Jumat, 05 April 2013

Ada 124.000 Wali Allah

Subahanallah Walhamdulillah Allahuakbar.

Tasawuf bukan membaca buku-buku Tasawuf dan mengkaji dari berbagai teori tasawuf seperti Ibnu Arabi, Syadzili, Qodiri, Mevlevi Rumi seperti banyak kajian tasawuf diberbagai Masjid saat ini. Itu hanya baru mempelajari mengenal tasawuf bukan bertasawuf. 

Sangat berbeda jauh antara bertasawuf dan mempelajari buku atau hadir dalam ceramah tasawuf.. Begitu jauh, dampak dan pemahamannya bagai setetes air dibanding samudera. Bertasawuf adalah melaksanakan dzikir dan mengambil Mursyid dengan berbayat. Bila ia mendengarkan ceramah dari Mursyid tasawuf yang Wali Allah, maka ia akan mendapatkan ilmu sekaligus Hikmah.

Ilmu seperti pesawat terbang yang indah bentuknya. Hikmah seperti Bahan Bakarnya.

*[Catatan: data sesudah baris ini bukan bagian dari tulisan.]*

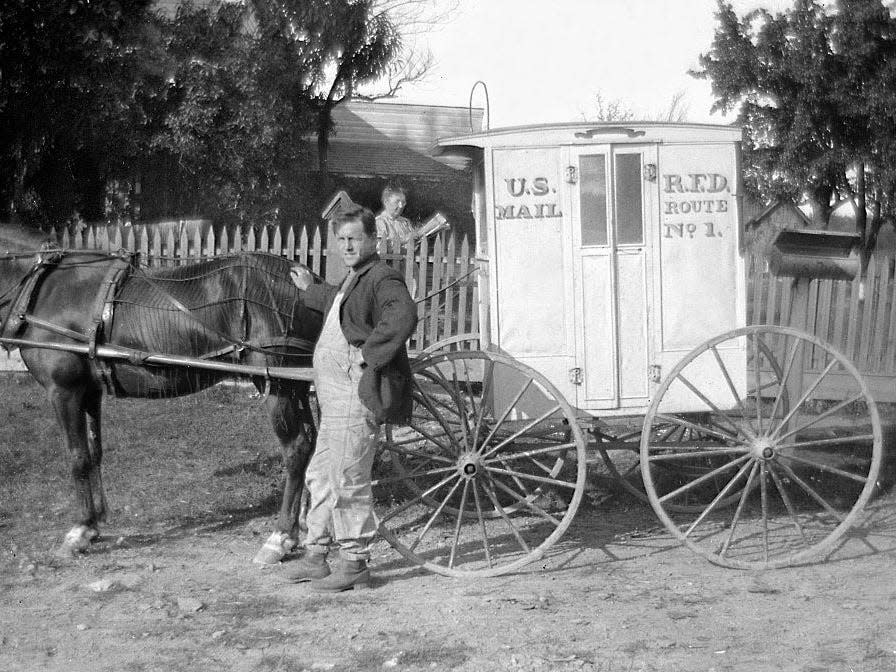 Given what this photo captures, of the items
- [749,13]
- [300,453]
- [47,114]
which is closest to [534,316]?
[300,453]

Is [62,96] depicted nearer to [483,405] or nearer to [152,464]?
[152,464]

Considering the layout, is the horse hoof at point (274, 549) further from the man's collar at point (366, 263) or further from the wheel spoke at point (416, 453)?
the man's collar at point (366, 263)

Begitu banyak orang yang bangga dengan keindahan ilmunya, tetapi tanpa bahan bakar hikmah ia tetap didarat tak dapat terbang. Hikmah didapatkan dari mendengarkan langsung dan bersama Wali Allah, sementara ilmu dari ulama biasa kadang membebani. Hikmah tak dapat terlupa dan menguatkan, sementara ilmu ketika kita sudah tua, maka yang menghancurkan ilmu adalah LUPA ( Hadist Nabi saw). 

Hikmah adalah langsung mendengar dan bertemu, karena ada dua macam ilmu. Ilmu Awroq (tulisan) dan Ilmu Azwaq (Rasa). Ketika kita mendengar seorang Kekasih Allah/Wali Allah bicara, maka ilmu rasa yang ditransfer langsung kedalam kalbu kita. Ketika kita menulis dari ceramah Wali Allah, maka yang semula kita terima dalam bentuk Hikmah, berubah menjadi Ilmu. Hikmah adalah RASA, pertemuan langsung dengan Para Wali Allah. Berjamaah dengan wali Allah, bagaikan ia ibadah 70 tahun, maka carilah para Wali Allah.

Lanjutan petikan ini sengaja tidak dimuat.